● WHAT THE TASK ASKS
Pictures are not part of the answer. Return the lines from the one containing "Fire Blaze: River Empress" through the end of the data, both included, exactly as they appear.

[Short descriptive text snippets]
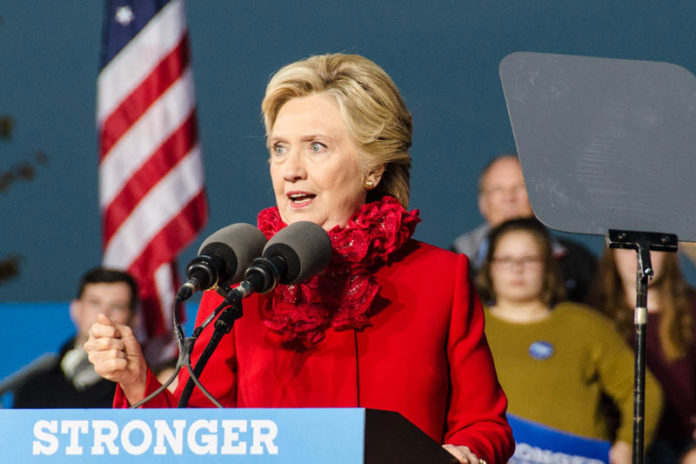 hillary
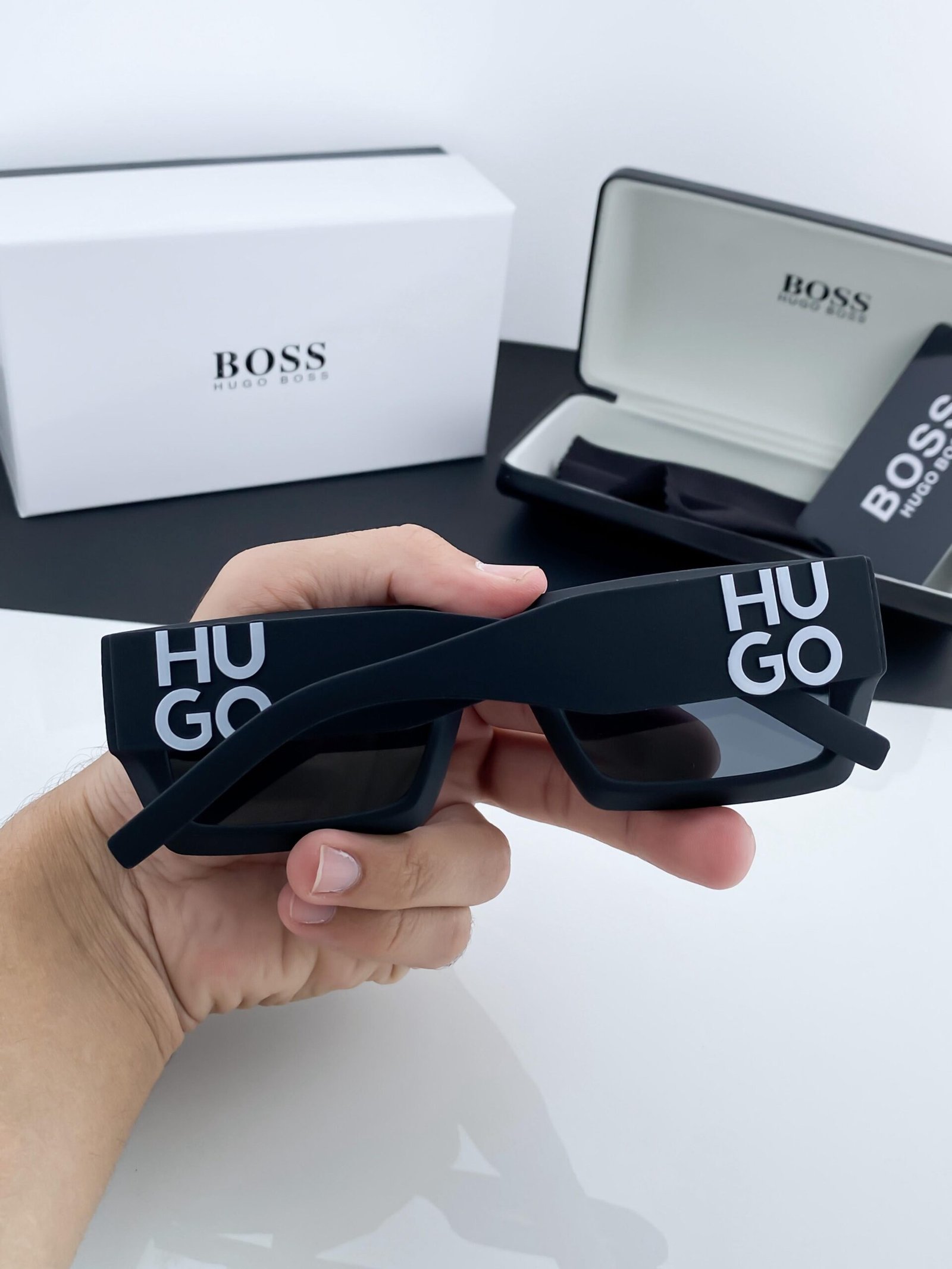Boss black 1310 - Image 4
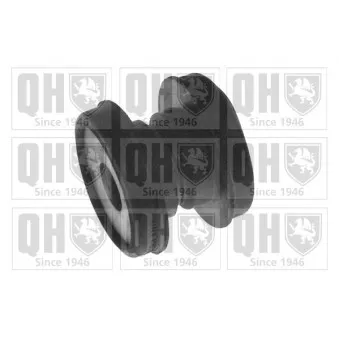 Silent bloc de suspension (train avant) QUINTON HAZELL EMS1958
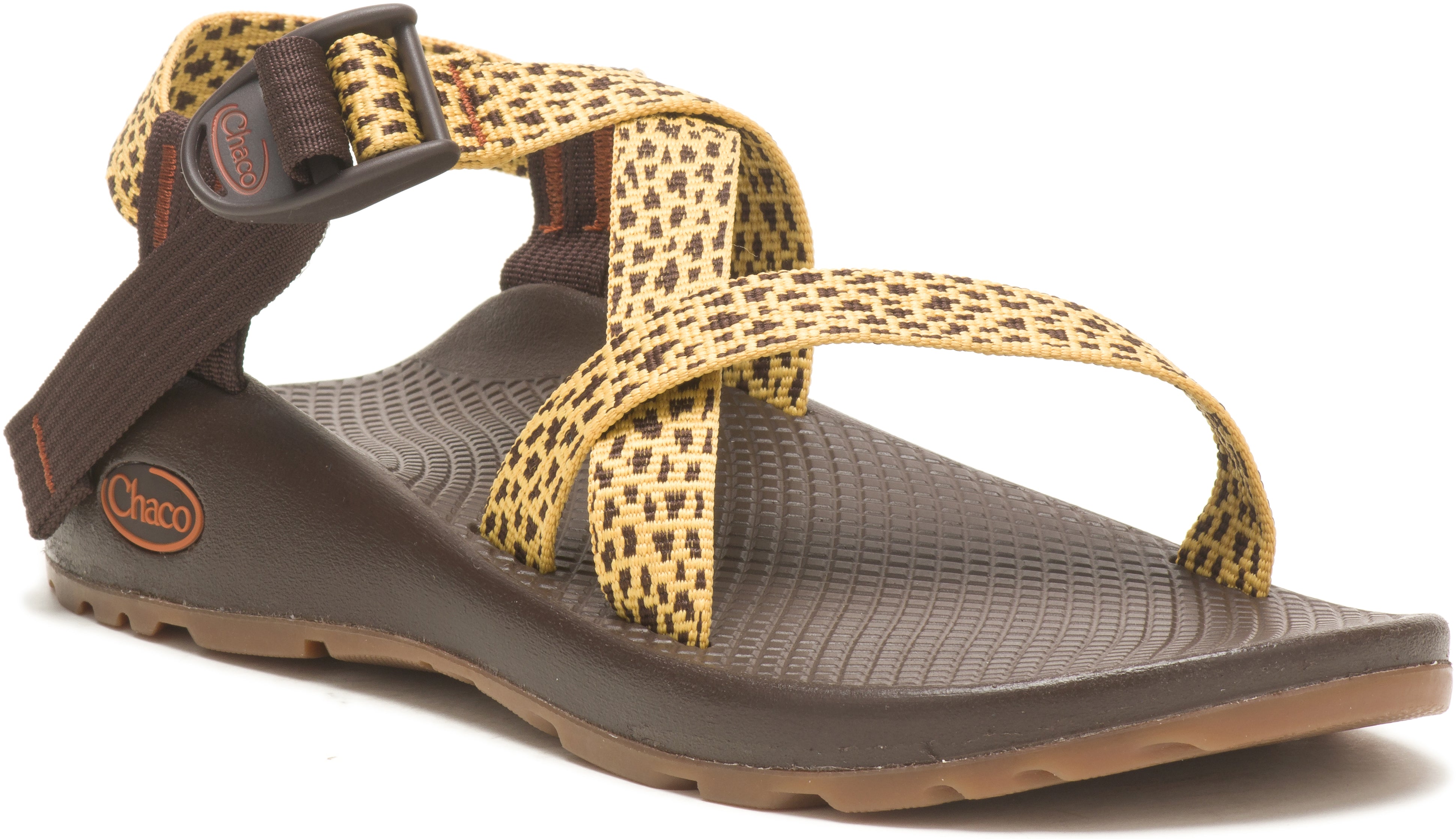 Leopard best sale print chacos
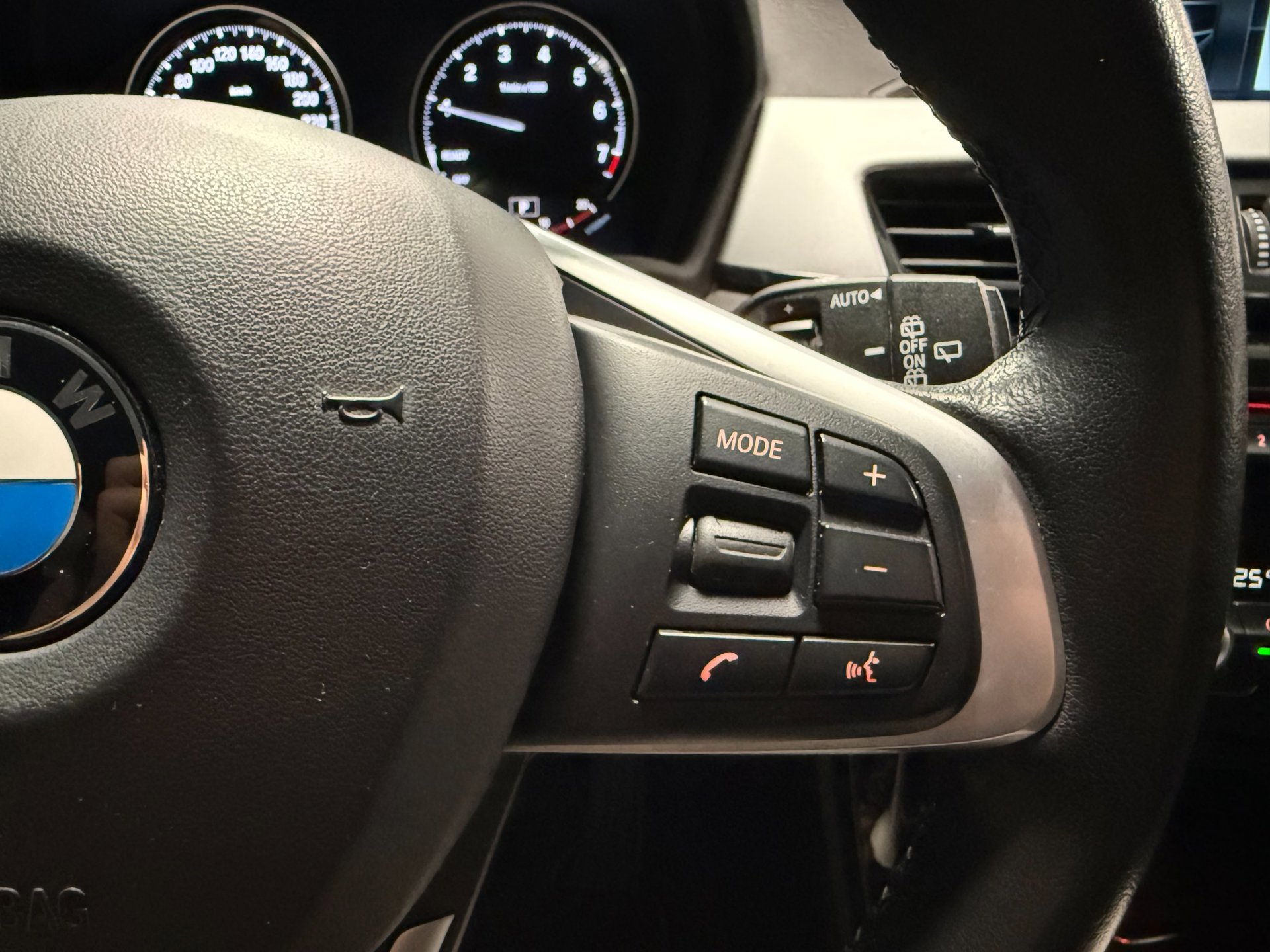 Foto van BMW X2 Sdrive18i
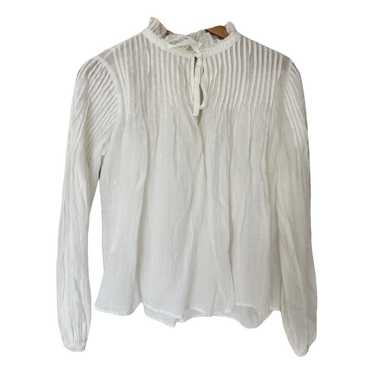 Sea New York Linen blouse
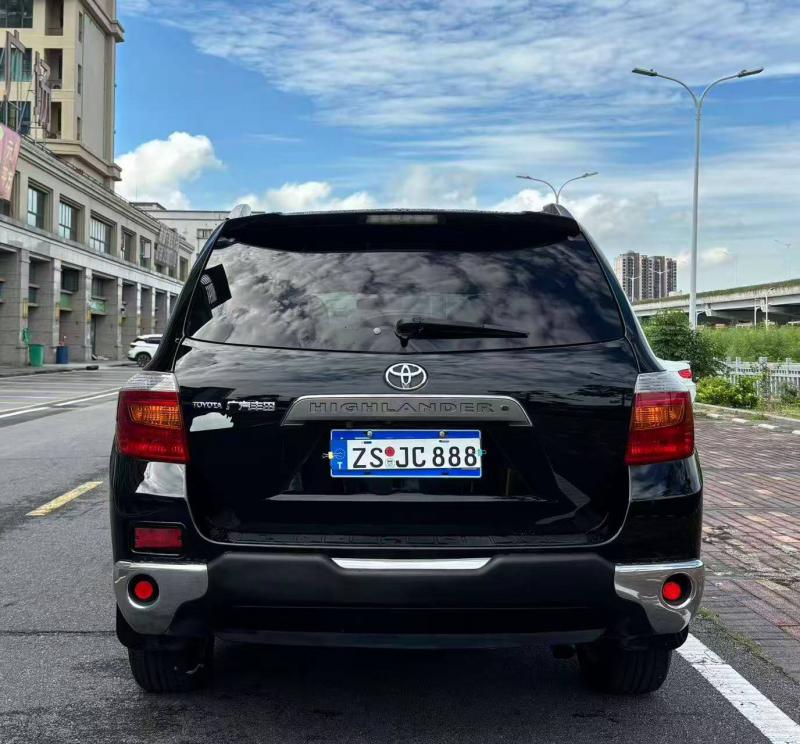 二手车 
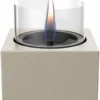 Tenderflame Erica 12 Tafelhaard - Wit -Oase Velda Winkel erica 12 mgo white 1 op maat 1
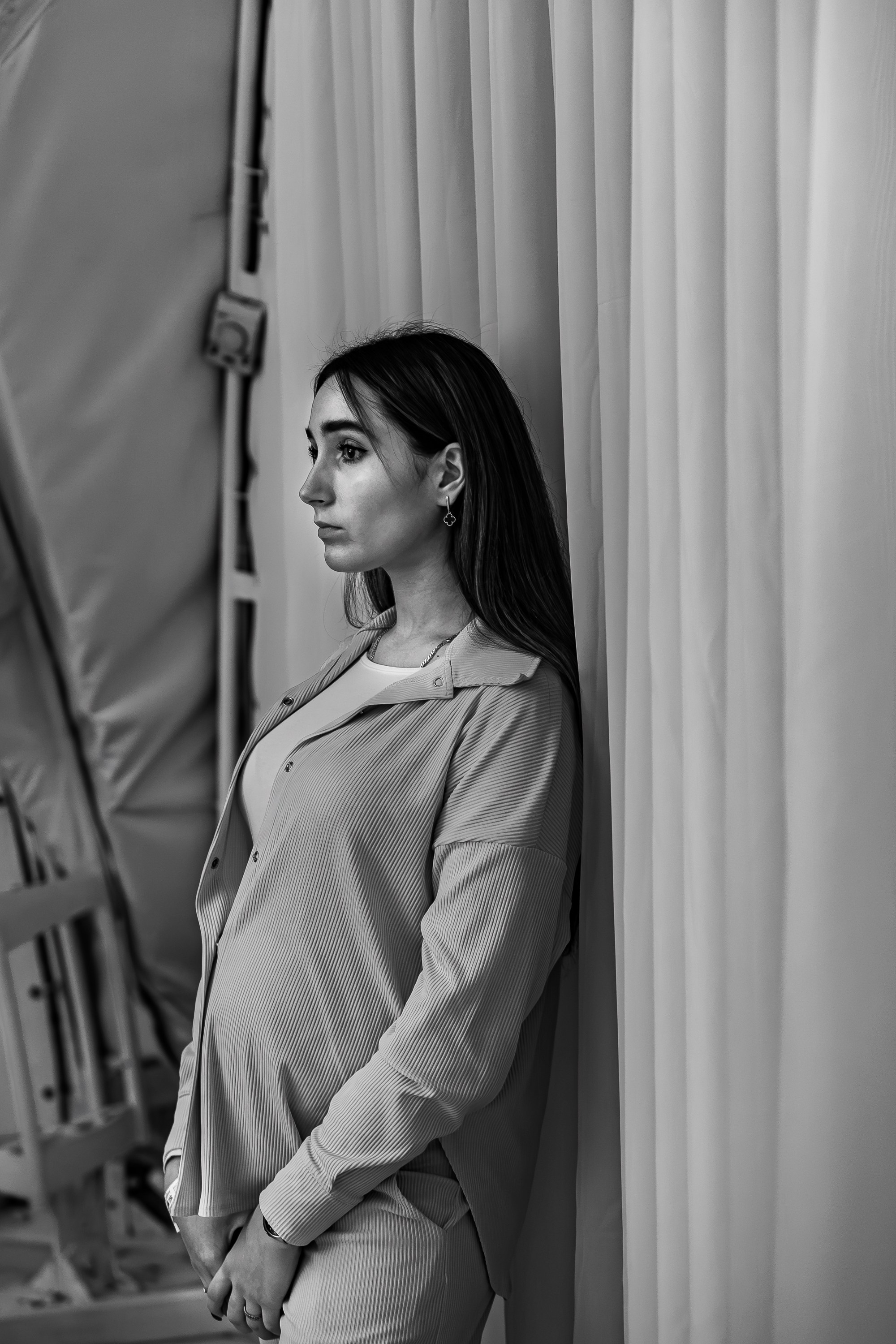 Беременный форум «Мир материнства»_Рыбацкая деревня_Симферополь_6.12.2024. Аминов Руслан | Фотограф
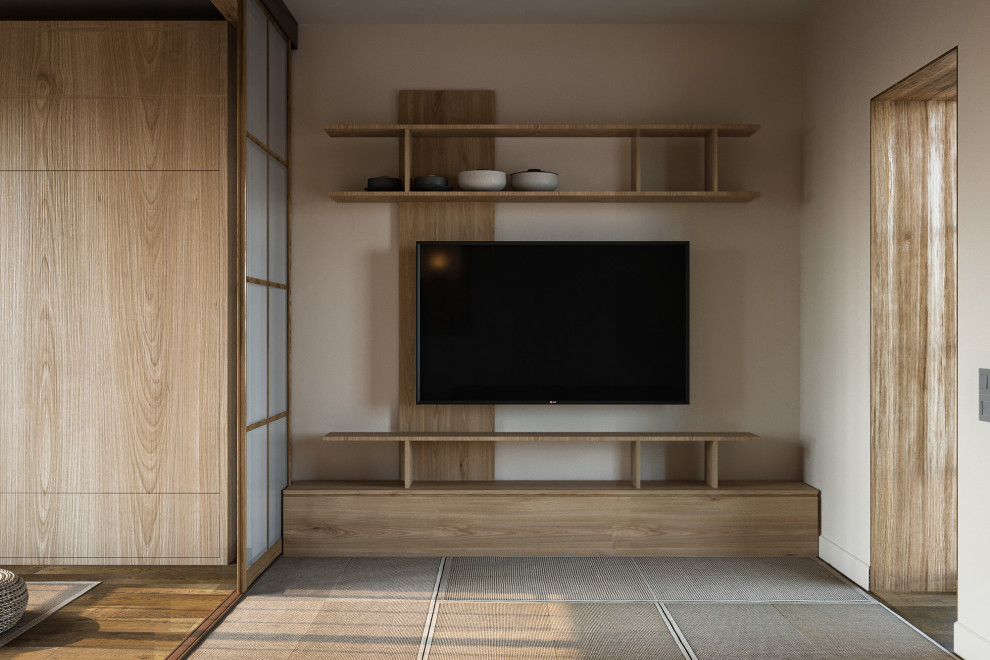 Японский стиль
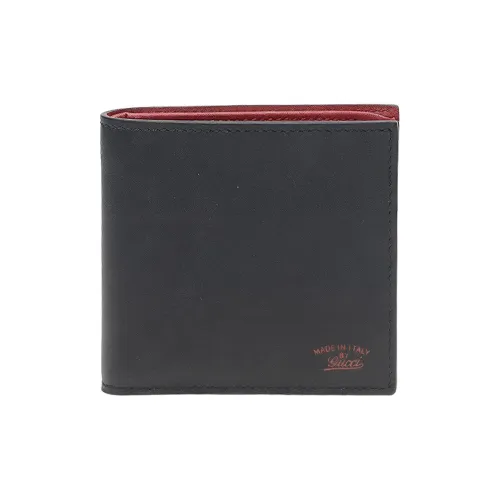 GUCCI Кошельки Мужской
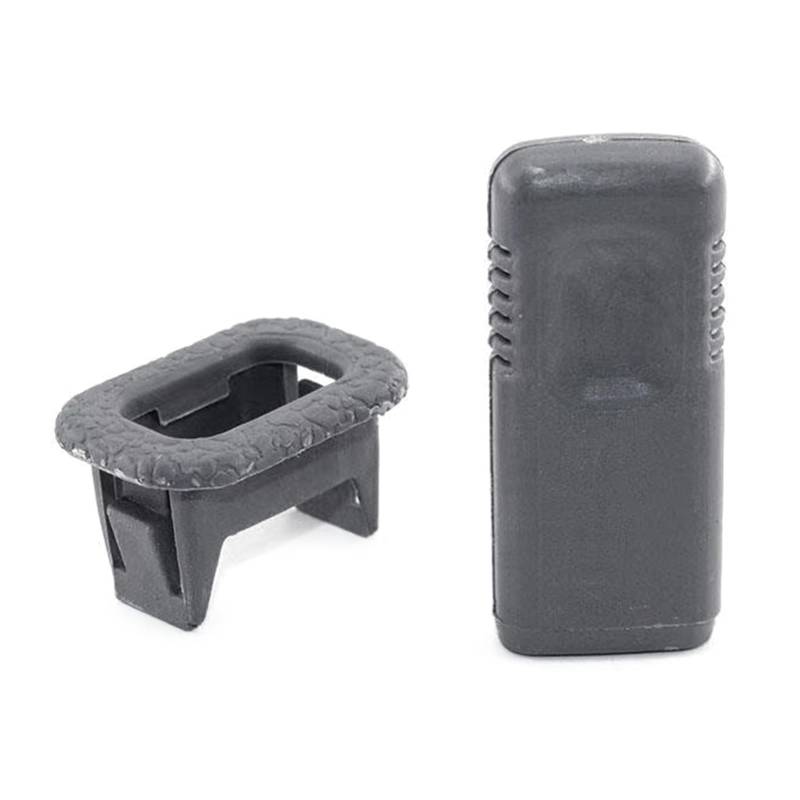 MCAOAL MB774548 MB775216 Auto Tür Schloss Pin Kappen Autozubehör Mit Holding Für V31 V32 V33 Lock Pin Caps von MCAOAL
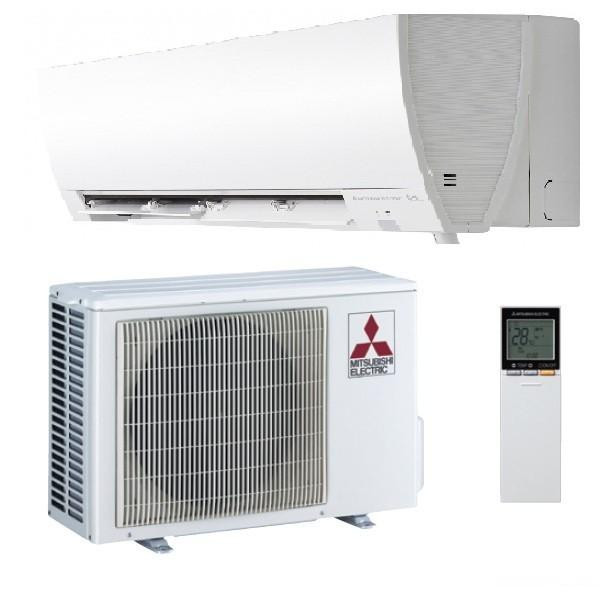 Кондиціонер Mitsubishi Electric MSZ-FH50VE/MUZ-FH50VEHZ Zubadan inverter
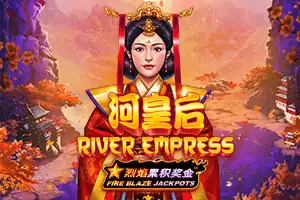 Fire Blaze: River Empress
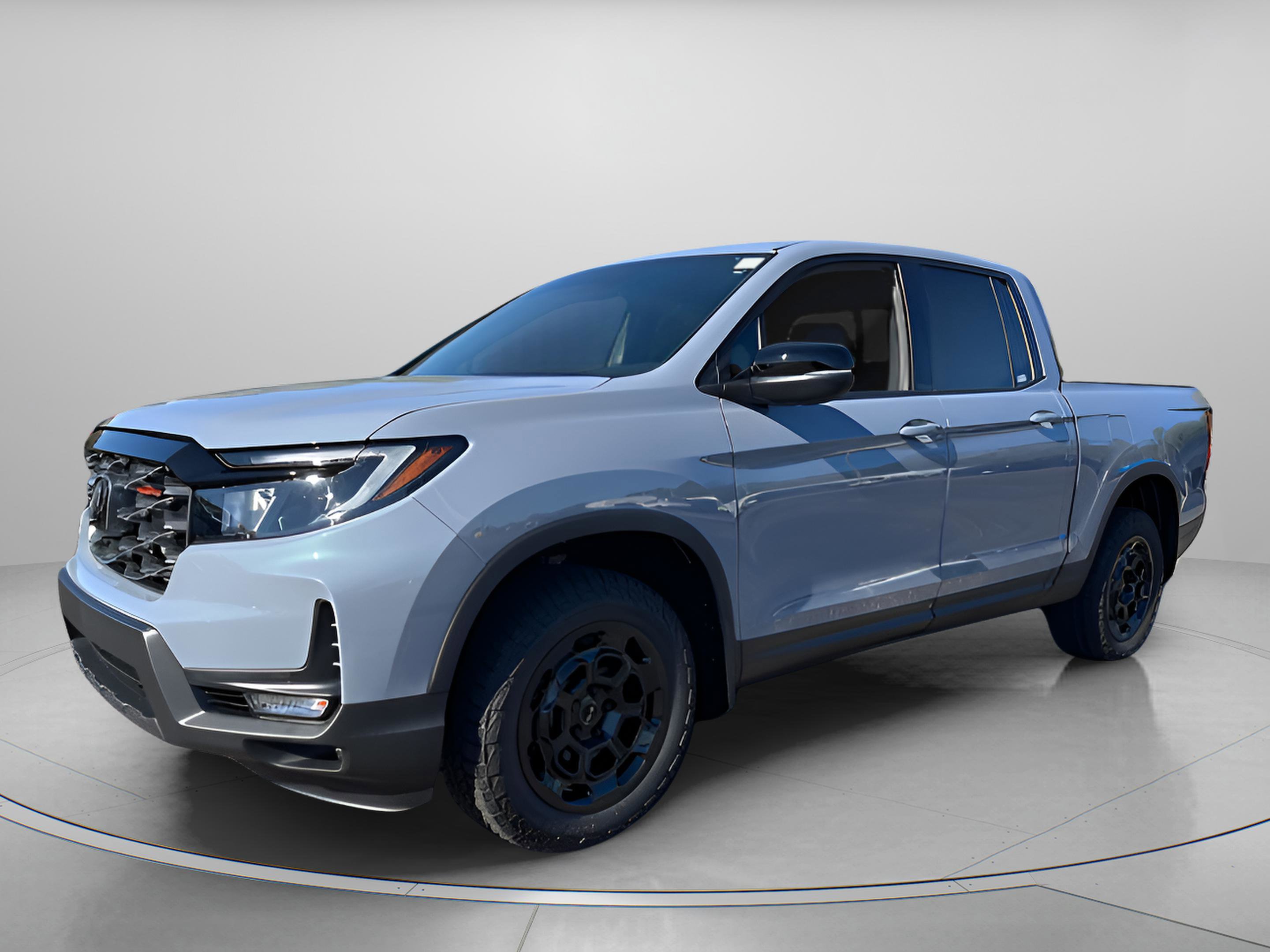New 2026 Honda Ridgeline TrailSport+ image 2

● TASK RESPONSE
 Fire Blaze: River Empress
New 2026 Honda Ridgeline TrailSport+ image 2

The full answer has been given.